When starting our family history research, many researchers already have an enormous advantage in that our living relatives, particularly our most elderly, will be able to recall a great detail about our recent past. They are living witnesses, packed with oral history waiting to be corroborated. There comes a point, however, at the earliest extremes of this remembered experience, where we reach a potential barrier – the moment when we need to solely rely on surviving earlier documentation.

 

For many family historians, that point falls in the first half of the 20th century and in the September 2019 issue of Family Tree genealogist Chris Paton reveals where to go from there in a special guide to essential family history resources during this period.

 

Starting with the basics, you'll need to look at the civil registration records for births, marriages and deaths – see our useful guide here – and the most recent censuses, 1901 and 1911 (the 1921 Census is due online in 2022): find out more here.

 

Here are Chris's next 3 key resources for researching your early 20th century relatives:

 

1) 1939 Register

The 1939 Register is a very useful census substitute recorded for the whole of the United Kingdom in September 1939, in the form of the National Identity Register.

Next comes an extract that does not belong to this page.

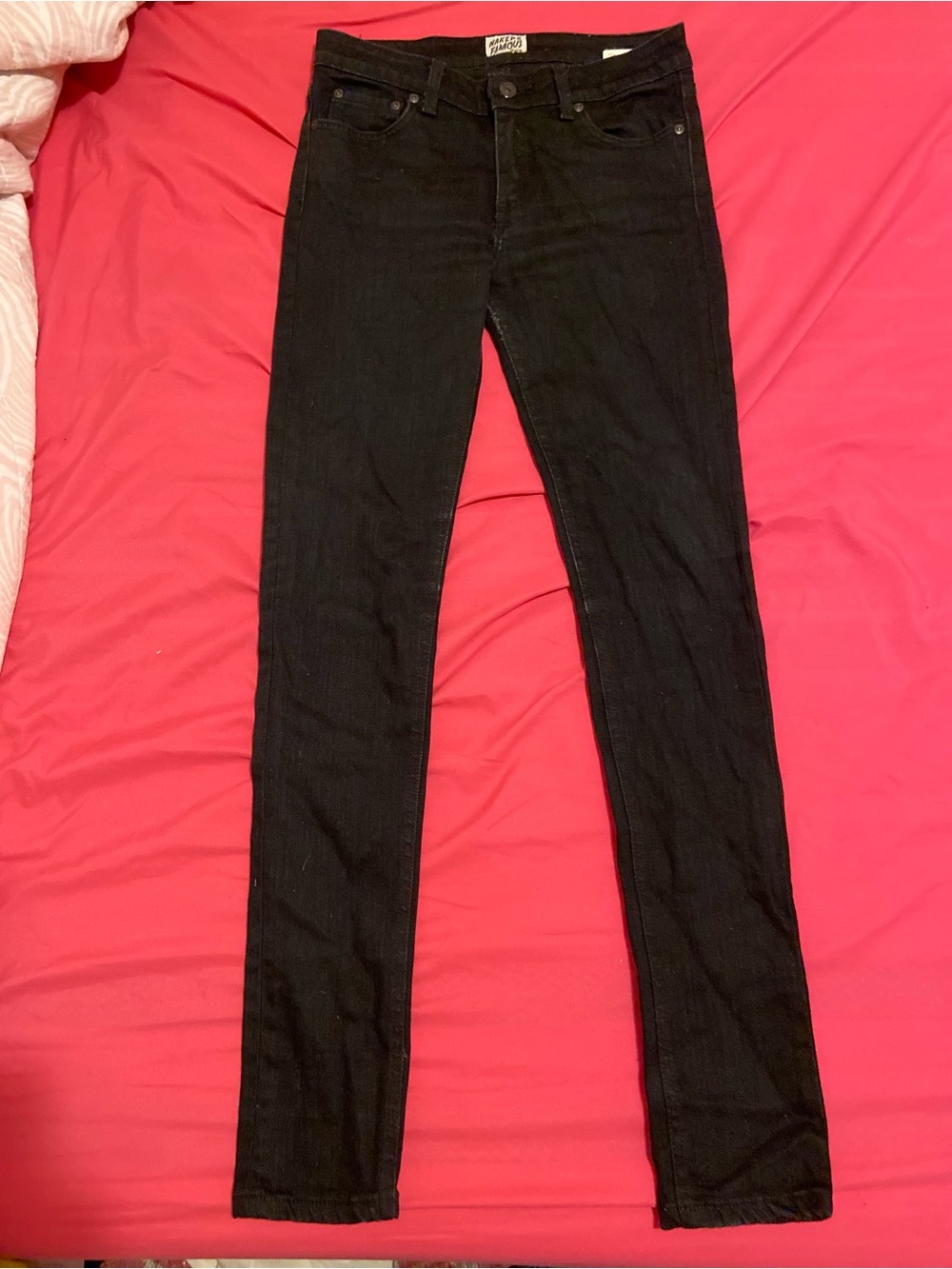 Naked & Famous Denim Black Women’s Skinny Jeans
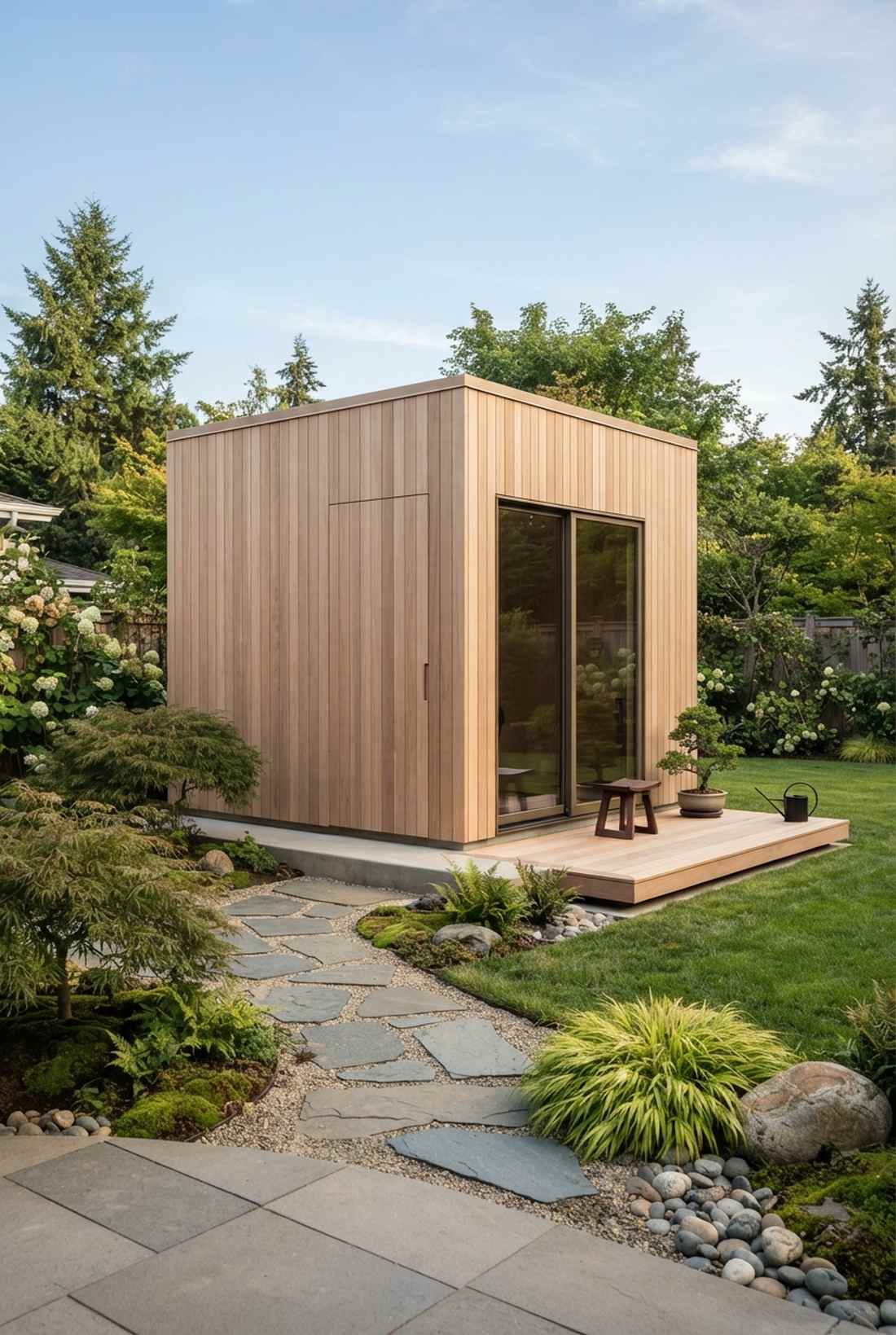 minimalist cube structure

This was an emergency census of sorts used to draw up plans for national registration in wartime, to assist with rationing and a potential draft of personnel for military purposes. Records for England and Wales are available on Findmypast, MyHeritage and Ancestry as searchable databases, but entries are only available to view for those known to have died, with many entries redacted for privacy protection.

 

For Scotland, access is gained separately by an application to the National Records of Scotland.

 

For Northern Ireland, researchers need to make a Freedom of Information application (not available at time of writing, July 2019). Once available, see here.

 

2) Electoral records

Electoral registers are freely accessible for consultation at libraries across the country, including the British Library and the National Library of Scotland. Jeremy Gibson’s Electoral Registers 1832-1948; and Burgess Rolls, obtainable through The Family History Partnership is a useful guide to help locate them.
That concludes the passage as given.